Ségolène Royal : un socialisme sans peur du gros temps !
Mes amis,
Ce soir je laisse la parole à un ami Chistophe, le bloggeur de profencampagne, soutien de Ségolène depuis toujours, comme moi car je ne saurais écrire mieux et la même chose :
Le Parti Socialiste, dont je suis militant, s'enfonce et s'endort depuis quelques années dans ce qu' Emmanuel Todd appelle "une culture raisonnable". Nos dirigeants passés et présents (François Hollande et Martine Aubry) sont tous les deux absolument persuadés que la présidentielle sera gagnée à condition de faire le moins de vagues possibles. Chez François Hollande revient très souvent l'expression/slogan: ""Une présidence normale"; le mot d'ordre de Martine Aubry est "Surtout pas de vagues!". Au point de zapper les primaires qui, de fait, leur font peur. Alors que le débat devrait les mobiliser, les motiver, les porter aux propositions audacieuses, si nécessaires au redressement de ce pays, à son renouvellement, à sa renaissance!
Pour mes camarades Martine et François, il suffirait donc de "présider normalement" pour d'abord remporter la victoire (absolument pas aussi évidente que les sondages nous imposent de le penser), puis pour gérer les affaires du pays. Des affaires d'une complexité ahurissante!

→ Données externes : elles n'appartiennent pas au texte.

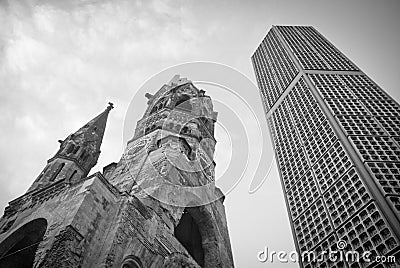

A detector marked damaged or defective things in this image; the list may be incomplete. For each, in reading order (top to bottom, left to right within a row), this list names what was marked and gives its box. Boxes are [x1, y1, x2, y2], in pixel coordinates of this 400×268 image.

damaged church tower [0, 75, 234, 268]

Non, ce n'est pas de cette "présidence normale", de cette "présidence sans vagues", de cette présidence "plan-plan" dont la France à besoin! Elle a besoin d'une gauche de combat, sans peur du gros temps, une gauche qui plonge dans la houle plutôt qu'une gauche qui se contente de surfer sur l'écume...
Ségolène Royal, au Parti Socialiste, en plus d'être à la pointe en matière d'écologie, est la seule qui ose. Qui ôse désigner les adversaires:
- le capitalisme fou, inégalitaire et brutal
- les ultra-riches si bien choyés par le pouvoir en place
- l'aristocratie financière à laquelle il faudra faire courber l'échine
Ségolène Royal est la seule qui parle sans crainte de taxes, d'une forme de "protectionnisme" européen, du contrôle de la gestion des banques auxquelles on ne peut plus laisser faire n'importe quoi...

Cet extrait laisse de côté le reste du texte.